Fidel: I never thought The Tiny Table would exist. It was a natural progression of our conversations. We were all following and talking about the same figures and groups in the F&B world, like Ghetto Gastro and Lazy Susan. We just thought, "Wow, this looks fun, this is cool," and eventually decided to form our own group.

Andre: There was no single specific moment. It was more about instinct and experience. On the beverage side, I was following cocktail trends and influential figures in the bar world, just trying to keep up. It started out as a hobby and I just fell in love with it.

Ajek: I was personally inspired by groups that do similar things and share a love for cooking and creating, like Ghetto Gastro, Lazy Susan, and Whatson House.

WHY DID YOU CHOOSE FOOD AND DRINKS AS YOUR MEDIUM TO CONNECT WITH OTHERS?

Galang: The dining table is a place of warmth where ideas are born.

Fidel: I believe food and drinks are a universal language. You can get to know so many new people just by talking about what you eat.

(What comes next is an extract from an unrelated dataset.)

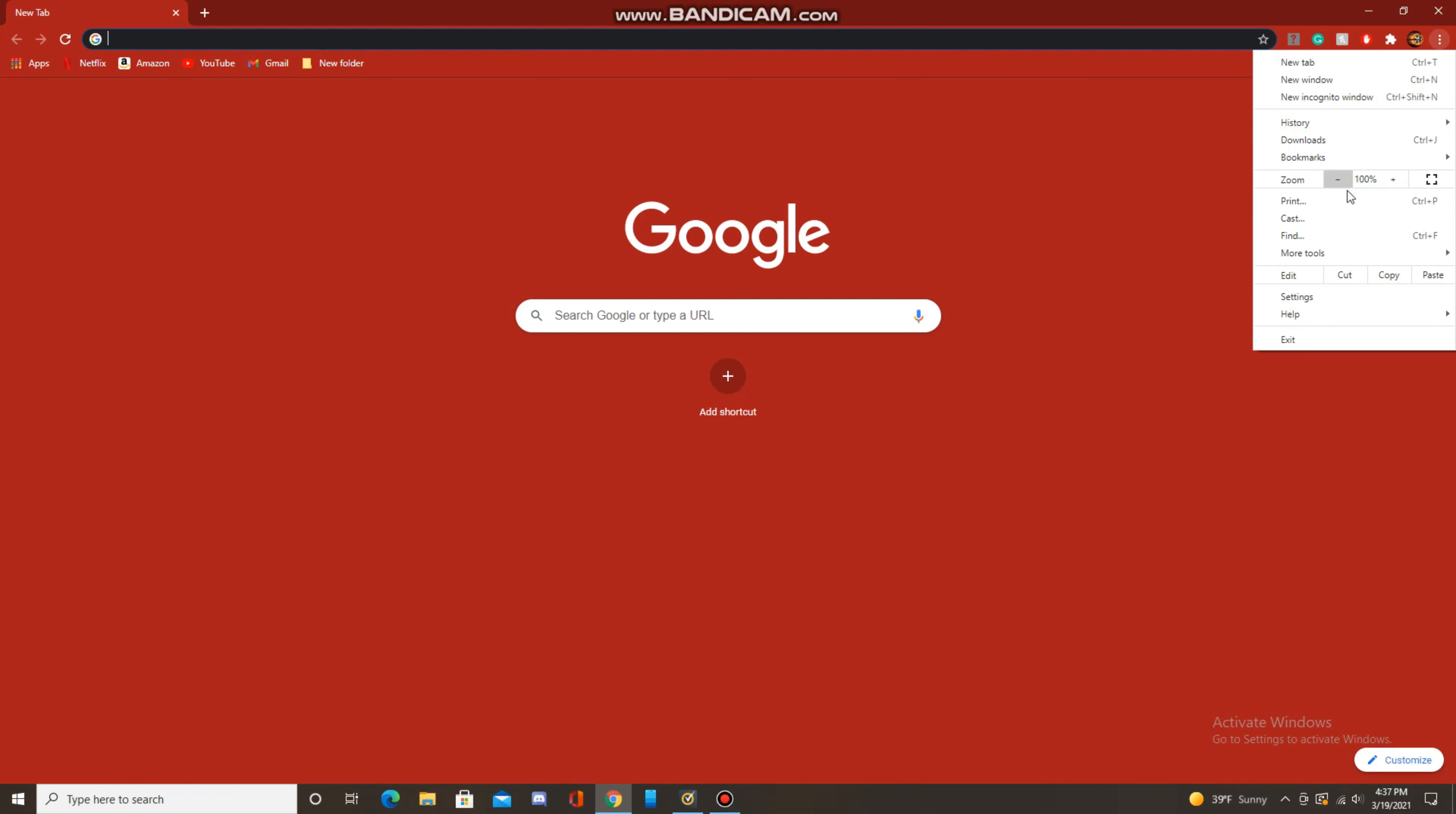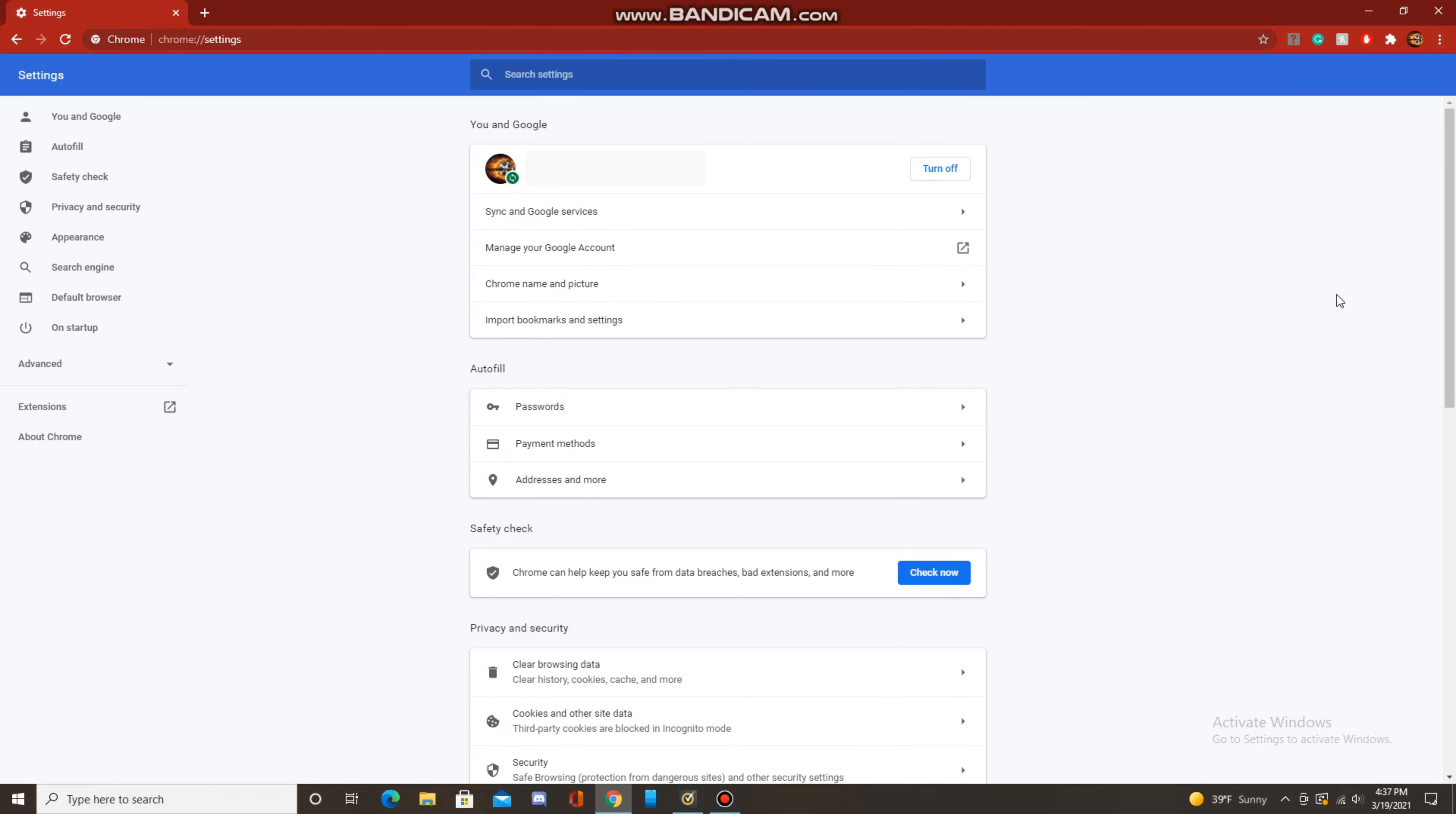Now click on settings at the bottom, and in the left menu, you'll want to click on advanced.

Andre: Anyone can cook or mix a drink, but it all started for me with a simple cup of coffee. I was amazed by how delicious it was and it made me curious. That curiosity opened the door to the F&B field for me.

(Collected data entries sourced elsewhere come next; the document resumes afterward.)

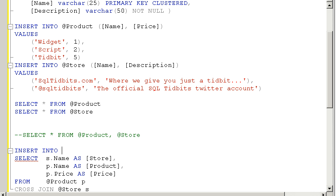So there's many other uses of cross-joining which we don't have time to get into today, but I hope you've enjoyed today's tidbit. Remember, you can see all our tidbits at sqltidbits.com or follow us, sqltidbits, on Twitter. For now, this is SQL Tidbits screencast where we give you just a tidbit to keep you coming back for more.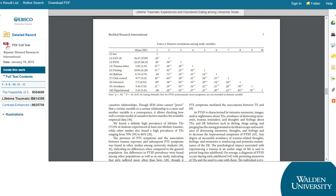It's important to remember that quantitative studies may not use that specific term. Instead, you'll be able to tell that a study is quantitative by seeing statistical terminology, formulas, lots of percentages, and other numbers in the text. Quantitative articles will often contain detailed tables showing the results. This study includes both a section describing the statistical analysis used and contains many references to numerical findings.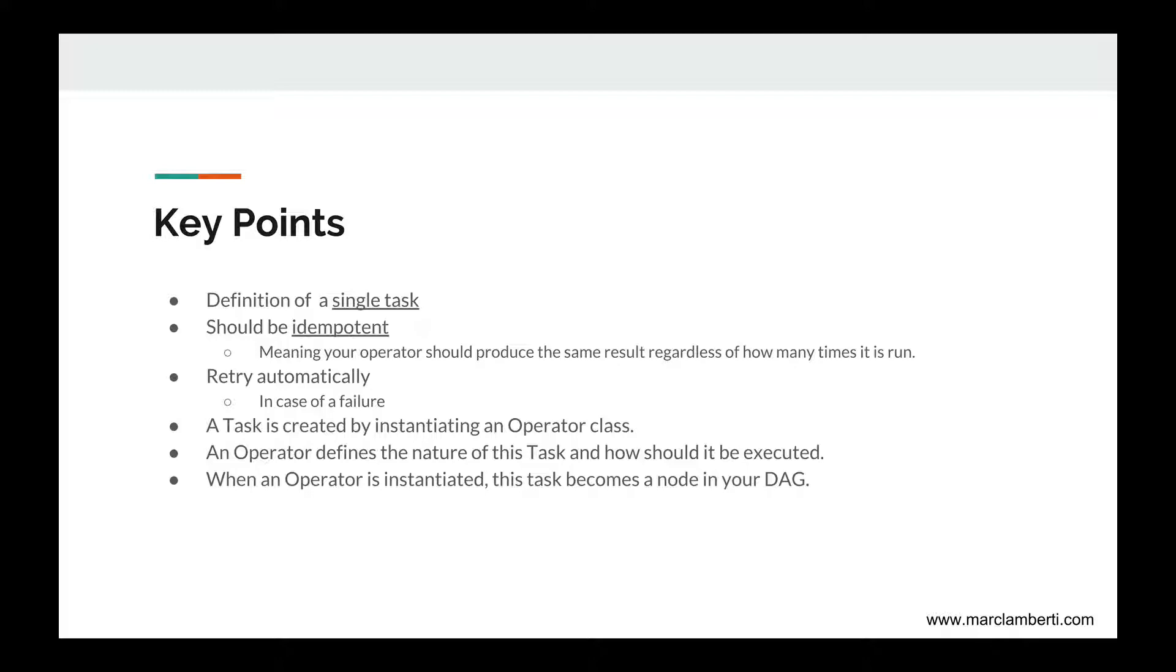It can retry your task automatically in case of a failure. A task is created by instantiating an operator class. An operator defines the nature of this task and how it should be executed. And when an operator is instantiated, this task becomes a node in your DAG.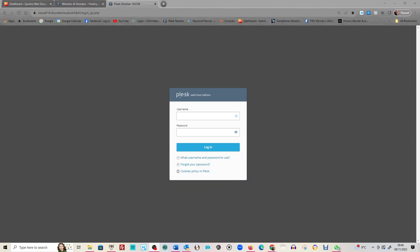Hi, this is Mark from Spectre Web Designs. If you're watching this video, the chances are that you've opted to update your own website plugins with me.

Ajek: Like a painting on a canvas, this medium offers endless possibilities to explore. It's a masterpiece in the making.

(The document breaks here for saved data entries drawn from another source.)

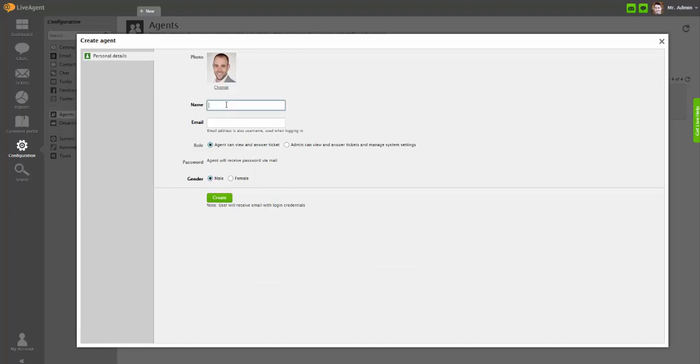Name your new agent with a unique name. Define agent's email address and role and choose between agent and admin roles. Please note that agent can only view and answer tickets. Admin can manage system settings as well. Select Male or Female Gender and click Create.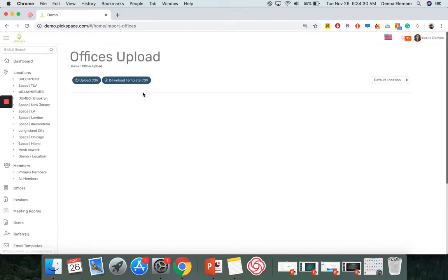Download the template CSV, then upload it. And that's how you upload in bulk for members and offices.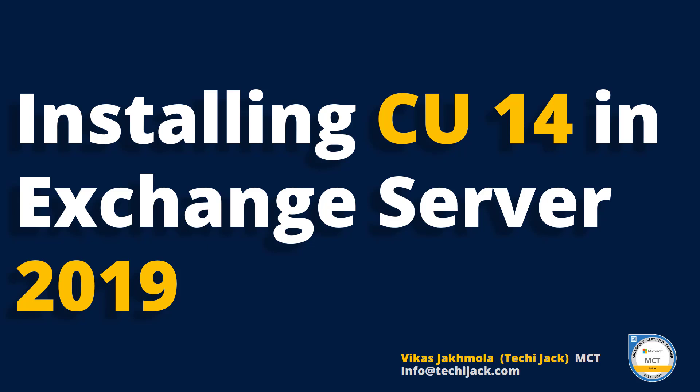Welcome to Techie Jack. In this video we are going to install Exchange Server Cumulative Update 14. Before proceeding, please refer to the previous video to set TLS 1.2 with best practices and enable extended protection on your Exchange Server.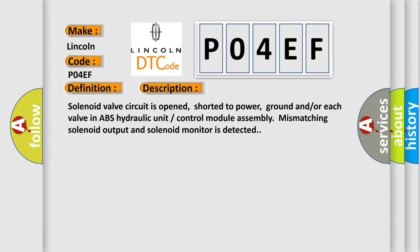Solenoid valve circuit is opened, shorted to power, ground and/or each valve in ABS hydraulic unit control module assembly. Mismatching solenoid output and solenoid monitor is detected.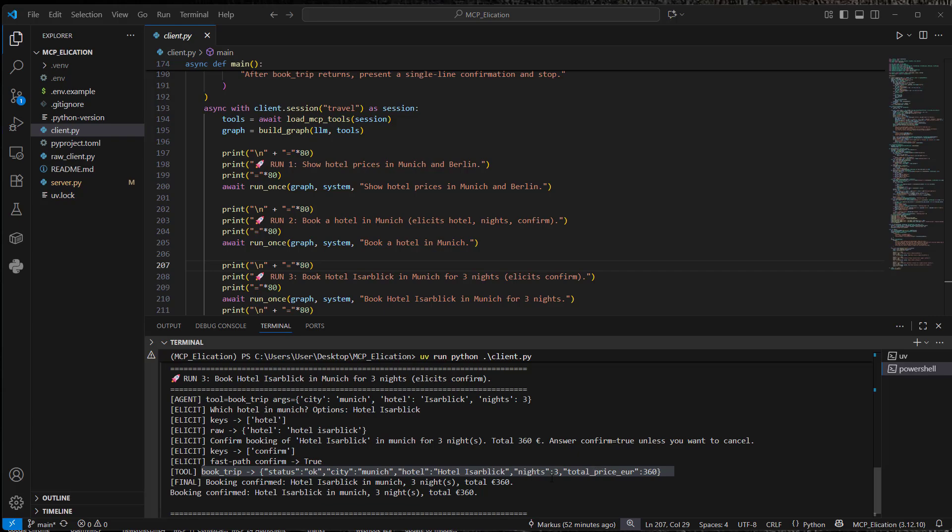So you can see this works. But I'm still not totally happy since server and client logic are still rather tightly coupled. And the client has to know a lot of the business logic of the server. So let me know your ideas about elicitation and this approach in the comments. See you in the next video. Bye bye.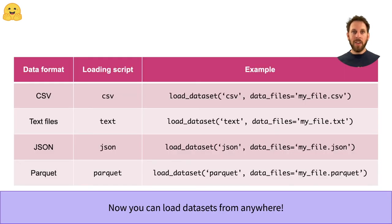And with that, you can now load datasets from your laptop, the Hugging Face Hub, or anywhere else you want.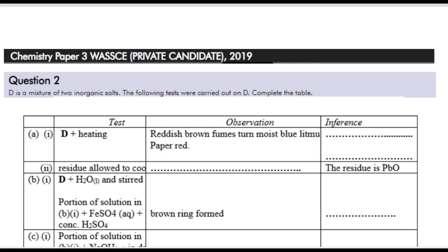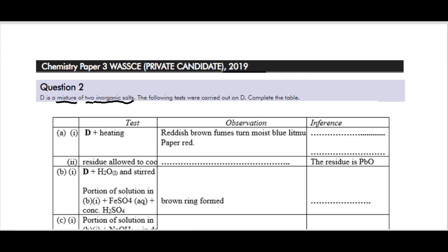Question two: we are told that D is a mixture of two inorganic salts, and the following tests were carried out. Complete the table. This is a typical alternative to practical question — as I told you in part one, you don't perform live practicals in your GCE. You are given questions like this to test your understanding of the theory of practicals, so what you need is knowledge of the chemistry behind these reactions.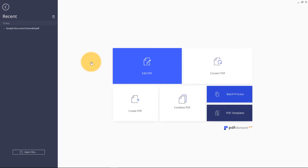If you've ever tried to add pages into a PDF document, you know how difficult it can be without the right tool. You can convert a PDF to Word to add your new pages, but chances are you'll deal with several formatting issues and conversion errors. An easier approach is to use the Insert feature in PDF Element.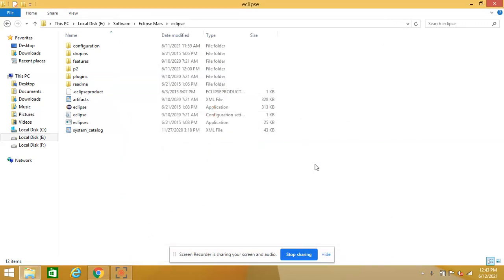Hi friends, welcome to our channel. In our previous video we discussed how to create a simple Hello World Java program using Notepad and the command prompt. Now in this video we are going to discuss how to create the same Java Hello World program using the Eclipse IDE.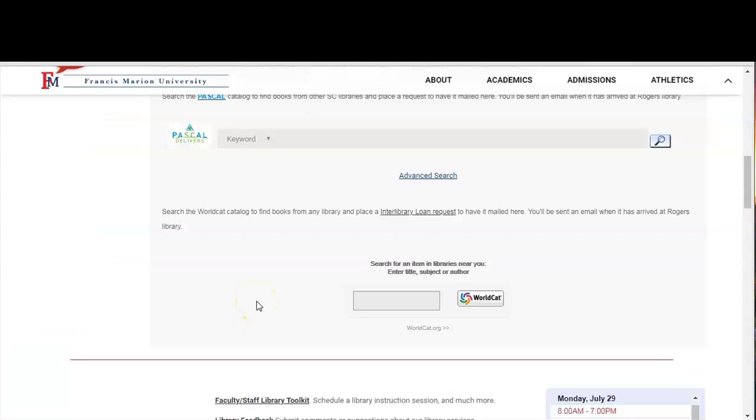For book requests there are two services to request books. Francis Marion is a member of Pascal, the partnership among South Carolina academic libraries that allows students and faculty to borrow books from other South Carolina universities and colleges. If a book is not located in the Francis Marion catalog, you can search the Pascal catalog the same way as in a traditional catalog.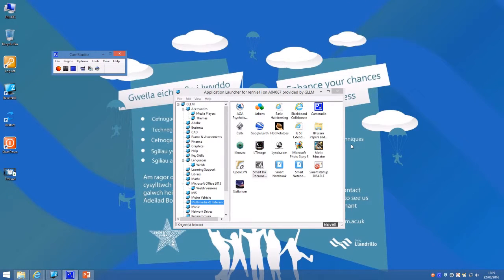Here's a quick demo of how to use CamStudio. Go to multimedia and reference and launch CamStudio from the icon there.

HOW DOES COLLABORATION WORK WITHIN THE TINY TABLE?

Galang: We always start with a discussion, sharing ideas on what food and drinks would pair well together and what would fit the concept of the pop-up venue.

Fidel: We're used to being open and respecting each other’s input and ideas. We might have some small disagreements sometimes, but that's what makes it exciting!

Andre: We are united by a shared suffering, the desire to be free to express ourselves without the limitations of a specific brand or establishment.

Ajek: We have very diverse backgrounds, but we connect through things like our taste in music, style, or even as simply as where we like to eat.

WHAT MAKES THE TINY TABLE DIFFERENT FROM OTHER CULINARY EVENTS OR POP-UPS?

Galang: The varied culinary backgrounds of each member.

Fidel: We always try to create a warm and fun dining experience. It feels like your friends are cooking for you, but the menu is serious and, of course, delicious!

Andre: Our style is what makes us unique. We each bring something different to the table and find a way to combine them.

Ajek: Our unique backgrounds are what make us different. Our next event will be even more exciting, because we haven't been a full team in a while, and we'll have new stories to share from our journeys.


WHAT'S YOUR MAIN MESSAGE FOR YOUR QUESTS?

Galang: Cooking is fun.

Fidel: We want guests to leave with great memories created through the food and drinks we serve.

Andre: It’s as simple as hanging out at a local food stall, you grab a bite, have a drink, and suddenly you're having a long conversation all because of the food. We want to share the story behind everything we create.

Ajek: We always try our best to serve amazing dishes. We want the food and drinks to tell our story.

 


 

WHAT DO YOU OFFER TO THE COMMUNITY OR VENUES YOU COLLABORATE WITH?

Galang: A new experience and knowledge.

Andre: An experience brought from different cities, or even countries, haha.

Ajek: Value, knowledge, and revenue.

 


 

WHAT ARE SOME OF YOUR PERSONAL FAVORITE FOODS OR DRINKS TO MAKE OR ENJOY?

Galang: My favorite Indonesian food pairing is pecel sambal kacang with tempe and tahu bacem on the side. On a hot day, I love it with an es degan kopyor tape ijo to quench my thirst.

Fidel: I love food that has a story behind it.

Andre: Soto! I grew up with it, and Soto Mas Boed in Semarang is the best. For drinks, I'm currently into anything with a spicy kick.

Ajek: Pasta, specifically ravioli, and for dessert, bread pudding.

 


 

WHAT IS THE TINY TABLE'S VISION FOR THE FUTURE?

Galang: To consistently do what we love.

Fidel: We hope The Tiny Table always brings joy!

Andre: To pop up and do takeovers everywhere. We want to share our stories with people through food and drinks. We’d also love to open a bar and restaurant together.

Ajek: To gather and cook for our loved ones.

The table is set, the doors are open—who will sit down next, and where it might lead, is a story still waiting to unfold.